Record extracts:
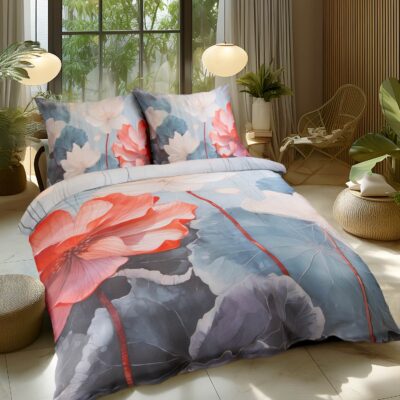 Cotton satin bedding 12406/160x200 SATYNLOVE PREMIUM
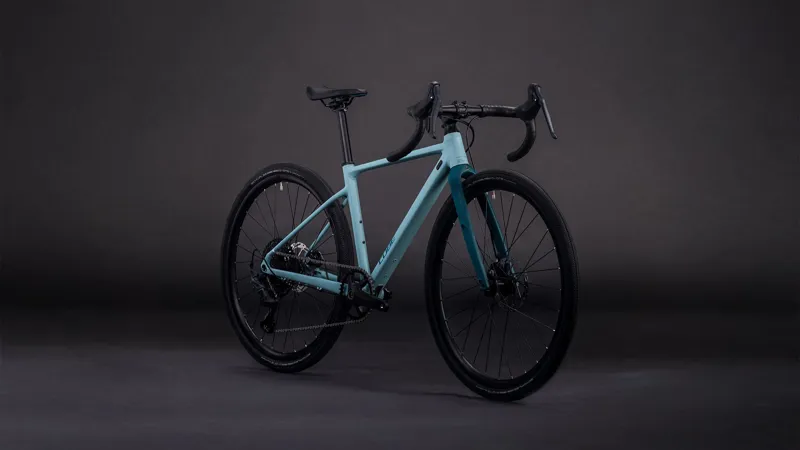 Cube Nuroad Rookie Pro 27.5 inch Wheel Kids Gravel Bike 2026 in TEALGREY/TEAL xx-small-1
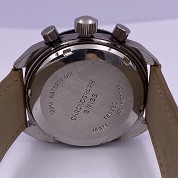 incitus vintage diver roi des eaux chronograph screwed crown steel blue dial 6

--

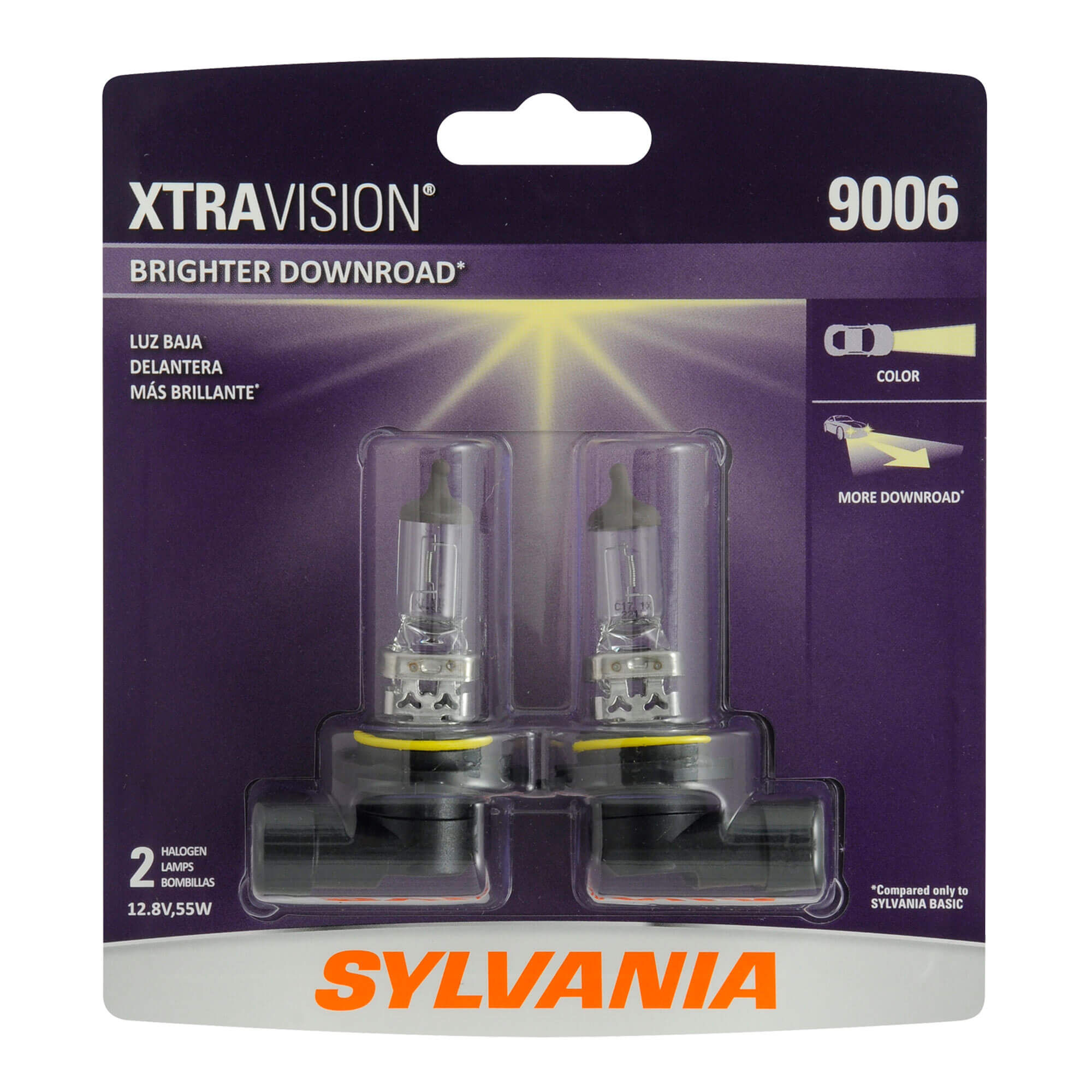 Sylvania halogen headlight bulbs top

What you have to do: For the entries above, print exactly the lines between the one with "Cotton satin bedding" and the one with "incitus vintage diver", inclusive, with no pictures.

Output below:
 Cotton satin bedding 12406/160x200 SATYNLOVE PREMIUM
 Cube Nuroad Rookie Pro 27.5 inch Wheel Kids Gravel Bike 2026 in TEALGREY/TEAL xx-small-1
 incitus vintage diver roi des eaux chronograph screwed crown steel blue dial 6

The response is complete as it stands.